■ AIM OF THE TASK
After locating the line that contains "Polo Ralph Lauren" in the material below, copy that line and each one following it, exactly, up to the last line. Pictures stay out.

■ INFORMATION SHOWN
------------------------------------

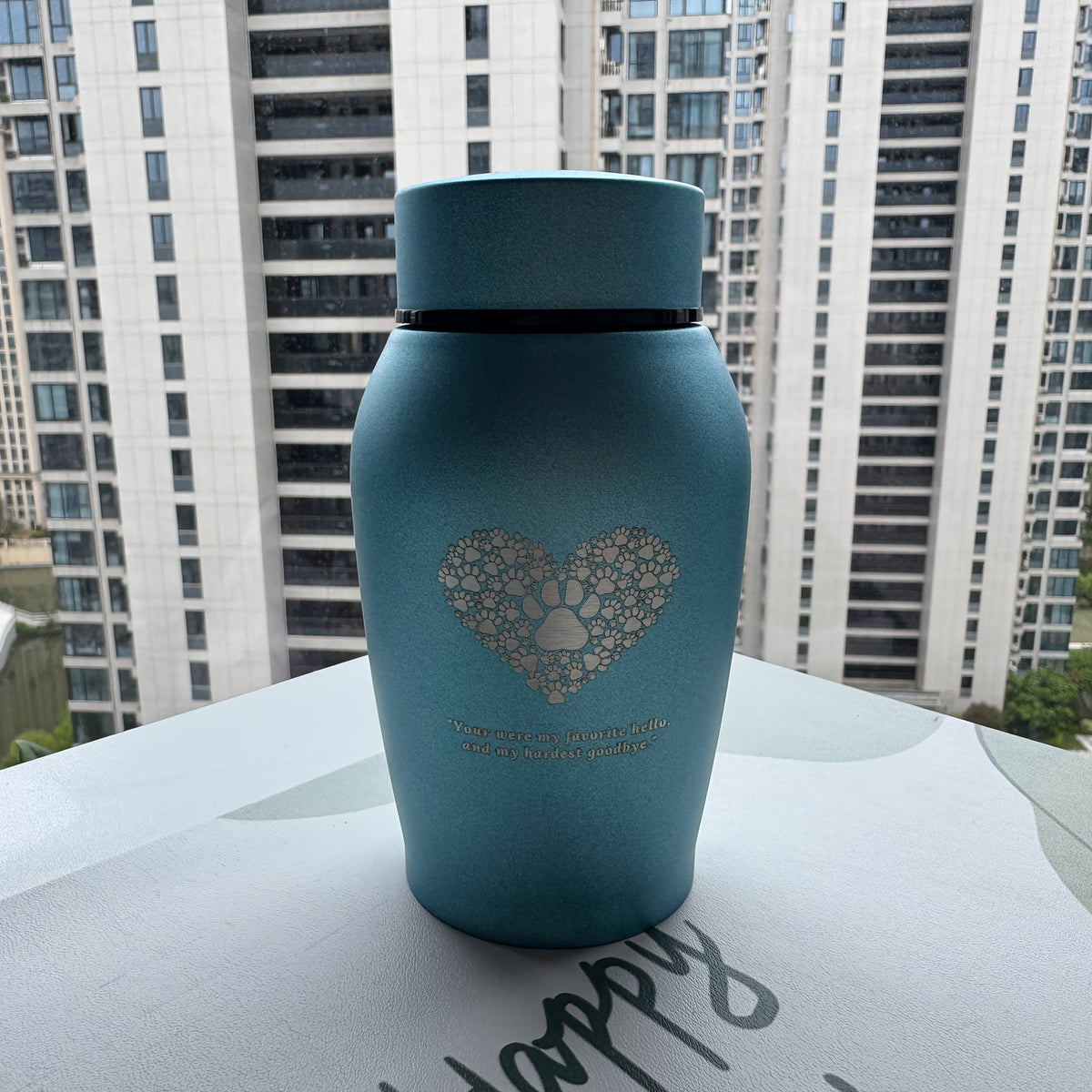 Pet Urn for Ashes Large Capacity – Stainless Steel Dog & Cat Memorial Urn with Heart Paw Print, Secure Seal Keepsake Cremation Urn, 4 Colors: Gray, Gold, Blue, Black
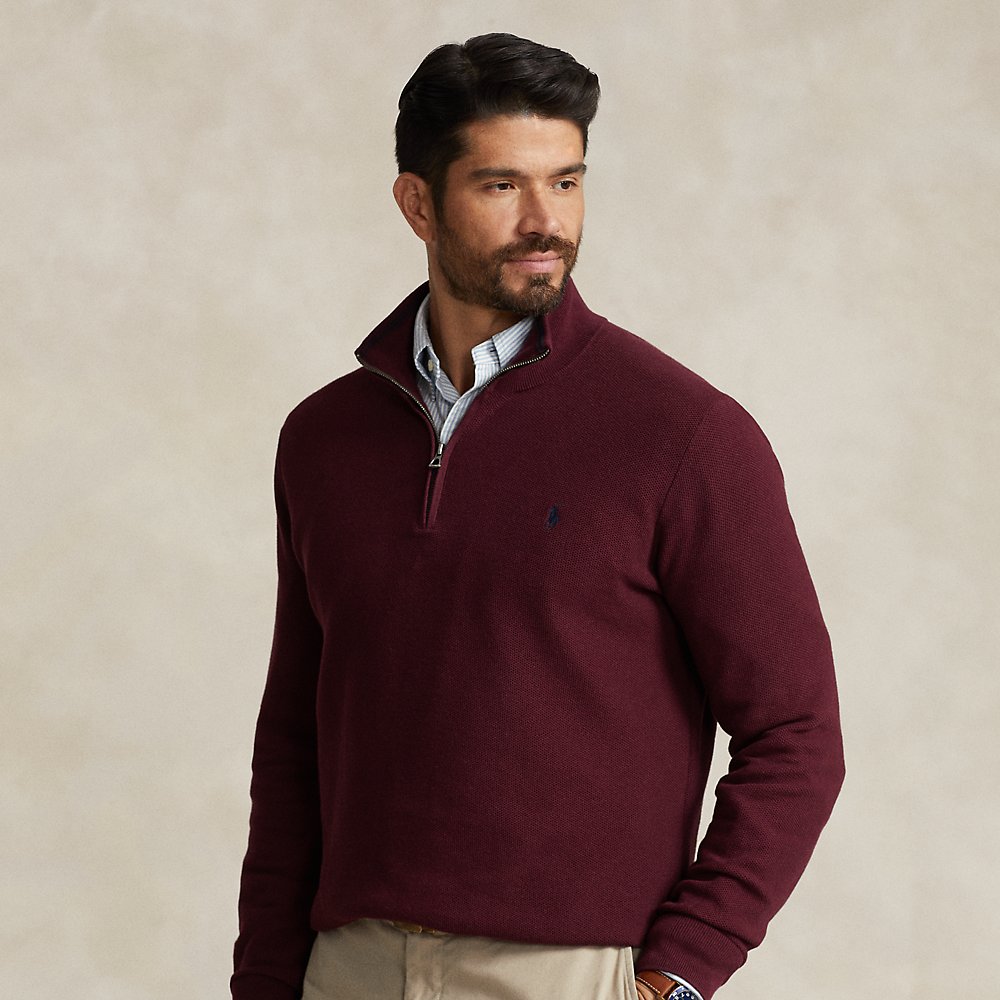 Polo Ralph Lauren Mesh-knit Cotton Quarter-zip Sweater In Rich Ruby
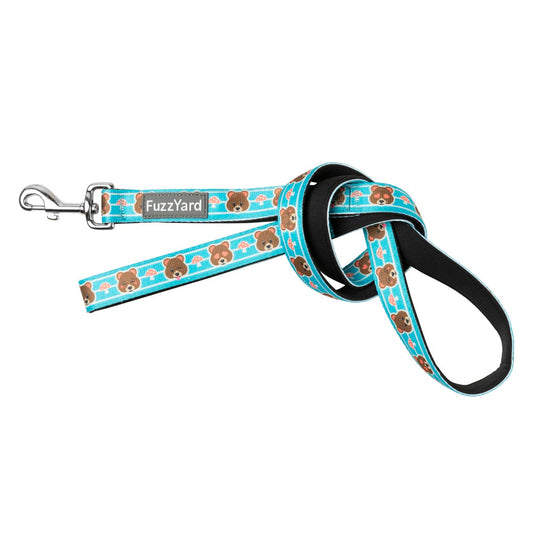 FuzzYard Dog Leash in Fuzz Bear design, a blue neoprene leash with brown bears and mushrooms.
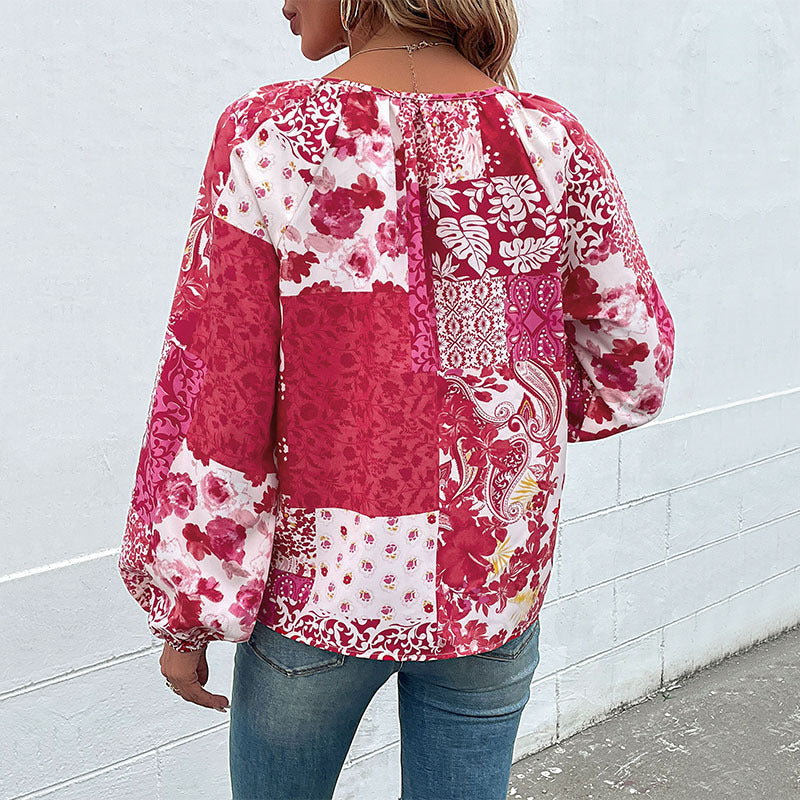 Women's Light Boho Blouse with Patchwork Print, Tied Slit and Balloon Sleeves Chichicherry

------------------------------------

■ SOLUTION
 Polo Ralph Lauren Mesh-knit Cotton Quarter-zip Sweater In Rich Ruby
 FuzzYard Dog Leash in Fuzz Bear design, a blue neoprene leash with brown bears and mushrooms.
 Women's Light Boho Blouse with Patchwork Print, Tied Slit and Balloon Sleeves Chichicherry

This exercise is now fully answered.